正式には『自作自転車で行く日本縦断桜前線を追いかける旅』と称し、
自分でパーツを選び組み立てた自転車で、本土最南端佐多岬から本土最北端宗谷岬まで桜前線に合わせて北上していくというものである。
結果を先に言うと、この旅はほぼ計画通りに無事に終了することが出来た。
一度は行ってみたかった桜の名所。

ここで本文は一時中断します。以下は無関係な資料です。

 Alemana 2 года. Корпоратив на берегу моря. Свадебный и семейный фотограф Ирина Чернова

青森県の弘前城や、日本最大桜の一つ『三春滝桜』の開花時期にうまく到達できたし、病気やケガなどのトラブルもなく家に帰りつくことが出来た。
総走行距離は5000キロを越え
日数は走り始めてから72日間
今となっては、我ながらよくやったと思う。
実際にやった自分が言うのだから間違いないことだが、自転車で九州から北海道まで走ること自体の難易度はそれほど高くはない。

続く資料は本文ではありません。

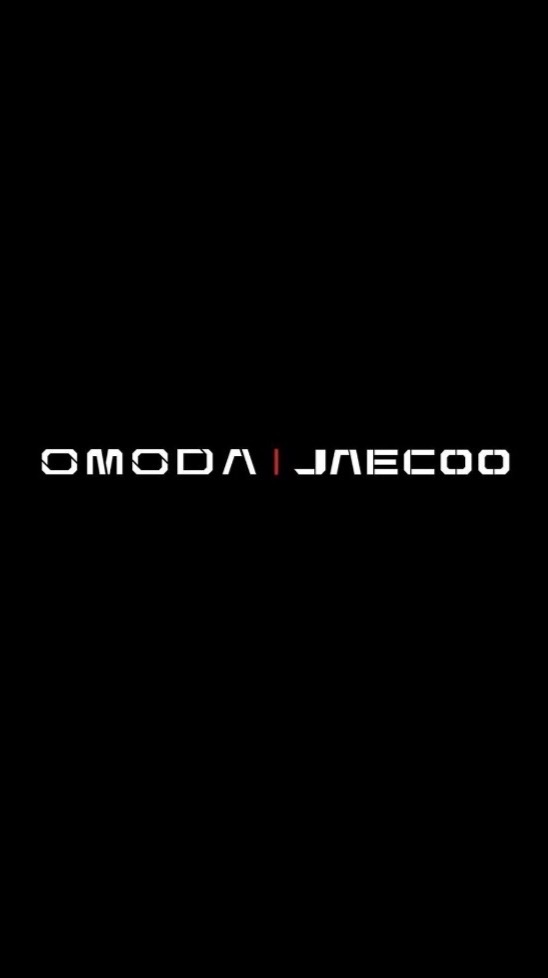 Omada Jaecoo Club Thailand (All Model)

難しいのはそれ以外の、予算だとか余暇だとかの要因の方が大きいと思う。
何よりも、それをやろうと思いつくこと自体がまれであろう。
総じて誰でも出来ることではない。
そういう意味でもとても貴重な体験をすることが出来た。
そしてその貴重な実体験をまとめてみようと思い立ち、ここにそれを記していこうと思う。

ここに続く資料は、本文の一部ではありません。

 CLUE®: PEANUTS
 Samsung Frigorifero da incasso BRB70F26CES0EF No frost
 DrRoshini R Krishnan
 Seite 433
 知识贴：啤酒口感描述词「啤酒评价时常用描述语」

そもそもこの旅を思い立ったきっかけは、もともとポタリングが趣味だったことが大きい。
ポタリングとは地図など持たず明確な目的地もなく、思いつくまま気ままに自転車やオートバイで走り回ること――簡単に言えば自転車散歩である。
もちろん車やバイクがあればもっと長い距離を楽に移動できることは明白である。
しかし、そうなれば当然のことながら通れる場所は限定される。
その点自転車であれば、人が一人やっと通れるような細い道でもハンドルの幅さえあれば通ることができるし、段差や階段などであっても担ぎ上げて乗り越えられる。
車に自転車を積んで回ることも考えたが、これは一人旅である。それではどうしても走った後に車に戻る必要が出てくる。
自転車とこの身一つであれば気軽に立ち止まったり寄り道したり、風景を見ることも出来るし、もし道に迷っても引き返すのも簡単だ。
何より動力は人力のみである。ガソリン代は一切かからないし、ガス欠で動けなくなる心配もない。
自分のペースで自由に観光できるのはこの旅の趣旨にも合っている。
そして私は自転車店でアルバイトをしながら旅行の資金と自転車に関する知識と必要なパーツを集め始め、2年半後。
ついに旅行の準備を本格的に始めたのである。